News Toyota Dealership Data Breach Featured

By this point we need to realize that data breaches can hit anywhere. No matter where your information is being stored, it’s at risk of being hacked. This includes the information you leave behind after purchasing a car. It was confirmed that Toyota and Lexus dealerships in Japan suffered a data breach of customer data.

Car Dealership Breaches

As many as 3.1 million items of customer data are at risk in the data breach of the Toyota and Lexus dealerships in Japan. Toyota confirmed the attack and said “information that may have been leaked this time does not include information on credit cards,” so perhaps customers can take solace in that.

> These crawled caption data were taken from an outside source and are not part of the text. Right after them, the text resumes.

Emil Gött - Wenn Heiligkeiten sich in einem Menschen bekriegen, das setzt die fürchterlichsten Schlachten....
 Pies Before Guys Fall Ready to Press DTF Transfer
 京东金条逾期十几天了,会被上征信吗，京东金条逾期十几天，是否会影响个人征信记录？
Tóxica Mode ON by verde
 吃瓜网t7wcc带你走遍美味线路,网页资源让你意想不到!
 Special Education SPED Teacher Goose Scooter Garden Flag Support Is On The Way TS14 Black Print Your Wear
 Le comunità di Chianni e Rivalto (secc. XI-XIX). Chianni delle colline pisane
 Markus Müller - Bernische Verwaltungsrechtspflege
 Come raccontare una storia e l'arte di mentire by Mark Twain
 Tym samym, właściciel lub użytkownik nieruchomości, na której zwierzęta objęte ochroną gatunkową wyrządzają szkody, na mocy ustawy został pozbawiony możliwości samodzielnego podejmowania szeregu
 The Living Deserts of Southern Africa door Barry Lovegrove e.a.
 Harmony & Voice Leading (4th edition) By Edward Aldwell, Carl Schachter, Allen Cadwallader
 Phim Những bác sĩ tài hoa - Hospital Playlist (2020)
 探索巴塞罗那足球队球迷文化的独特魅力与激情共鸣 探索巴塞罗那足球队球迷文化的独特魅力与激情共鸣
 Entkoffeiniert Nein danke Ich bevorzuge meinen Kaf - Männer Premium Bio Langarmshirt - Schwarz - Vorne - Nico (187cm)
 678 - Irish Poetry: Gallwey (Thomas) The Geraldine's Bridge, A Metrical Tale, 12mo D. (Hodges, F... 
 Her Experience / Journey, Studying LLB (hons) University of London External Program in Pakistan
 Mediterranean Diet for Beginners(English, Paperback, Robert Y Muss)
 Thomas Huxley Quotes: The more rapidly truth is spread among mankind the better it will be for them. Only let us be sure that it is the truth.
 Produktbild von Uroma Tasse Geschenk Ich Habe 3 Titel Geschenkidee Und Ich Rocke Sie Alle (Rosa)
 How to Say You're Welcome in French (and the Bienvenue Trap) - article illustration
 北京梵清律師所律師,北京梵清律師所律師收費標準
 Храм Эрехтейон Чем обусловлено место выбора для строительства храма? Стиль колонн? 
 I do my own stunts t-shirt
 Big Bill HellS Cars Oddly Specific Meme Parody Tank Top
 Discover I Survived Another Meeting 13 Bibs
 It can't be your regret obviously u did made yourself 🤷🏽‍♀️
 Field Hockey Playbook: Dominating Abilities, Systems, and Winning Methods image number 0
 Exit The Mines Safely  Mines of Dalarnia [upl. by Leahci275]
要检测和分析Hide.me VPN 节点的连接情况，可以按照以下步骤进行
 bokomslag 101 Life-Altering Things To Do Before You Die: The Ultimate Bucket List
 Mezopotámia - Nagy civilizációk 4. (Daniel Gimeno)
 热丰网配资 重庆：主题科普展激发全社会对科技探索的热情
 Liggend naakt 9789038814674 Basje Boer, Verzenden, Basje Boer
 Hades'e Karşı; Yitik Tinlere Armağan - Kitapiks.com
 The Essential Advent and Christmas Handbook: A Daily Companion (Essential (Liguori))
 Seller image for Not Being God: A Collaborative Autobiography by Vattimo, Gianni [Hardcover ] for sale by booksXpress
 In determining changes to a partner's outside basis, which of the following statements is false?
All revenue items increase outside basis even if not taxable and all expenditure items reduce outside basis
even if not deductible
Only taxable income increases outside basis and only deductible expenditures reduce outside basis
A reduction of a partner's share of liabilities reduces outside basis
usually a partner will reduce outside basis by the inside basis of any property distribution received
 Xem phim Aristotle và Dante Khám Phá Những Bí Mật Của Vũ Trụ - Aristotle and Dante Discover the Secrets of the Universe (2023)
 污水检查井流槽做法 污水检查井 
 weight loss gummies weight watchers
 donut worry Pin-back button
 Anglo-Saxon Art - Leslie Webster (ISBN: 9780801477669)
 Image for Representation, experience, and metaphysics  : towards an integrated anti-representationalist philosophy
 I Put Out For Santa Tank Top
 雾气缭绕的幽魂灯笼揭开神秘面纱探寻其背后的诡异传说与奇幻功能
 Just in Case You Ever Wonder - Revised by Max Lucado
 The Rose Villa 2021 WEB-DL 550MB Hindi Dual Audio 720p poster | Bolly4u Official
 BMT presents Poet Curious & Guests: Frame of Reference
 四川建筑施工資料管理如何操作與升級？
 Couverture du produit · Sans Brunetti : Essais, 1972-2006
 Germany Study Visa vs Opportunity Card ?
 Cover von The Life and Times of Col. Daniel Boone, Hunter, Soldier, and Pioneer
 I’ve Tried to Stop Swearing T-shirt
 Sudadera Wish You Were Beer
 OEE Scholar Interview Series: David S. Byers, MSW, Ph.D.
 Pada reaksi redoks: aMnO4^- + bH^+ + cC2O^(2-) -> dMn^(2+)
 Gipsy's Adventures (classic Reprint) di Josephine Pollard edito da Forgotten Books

This is not the first major data breach to hit Toyota, however. Toyota Australia dealt with a disruptive cyber attack in February.

Toyota didn’t publish much information about the hack of the Toyota and Lexus dealerships but do acknowledge “unauthorized access on multiple dealerships around the Tokyo area of Japan on March 21.”

The 3.1 million pieces of customer data was stored on a service that was connected to that network. It’s unknown if it was compromised, and although the company insists no credit card data was compromised, they did not mention what other information may have been breached and acknowledged access but not that it was exfiltrated.

The global senior vice president of cyber security services at Nominet, Simon Whitburn, called it troubling that Toyota is unsure of the extent of the damage.

News Toyota Dealership Data Breach Lexus

“The ability to forensically analyze a data breach is equally as important as presenting it in the first place,” he said. He added that “with so much at risk for customers, businesses cannot afford to play a guessing game about whether data was stolen.”

There was also an attack on Australian dealerships in February, and some security analysts connected it to the Vietnamese cyber security unit known as APT32. The Risky Business podcast suggested that attack could have been used as a preliminary action before the more secure dealerships in Japan were hit.

Whitburn said, “It is thought that the central systems in Japan were accessed through weaknesses in the Australian system, meaning that clearly the network architecture is not secure.”

The Reach of the Attack

The information belonging to all Toyota or Lexus owners could be in danger, as it seems the hackers had access to the Toyota central network. The senior technical evangelist at Synopsys, Tim Mackey, said, “Current and former owners of Toyota vehicles should be concerned about this breach.”

“With attackers potentially gaining access to sales records, that data provides a perfect profile from which to build a spear-phishing attack,” he added.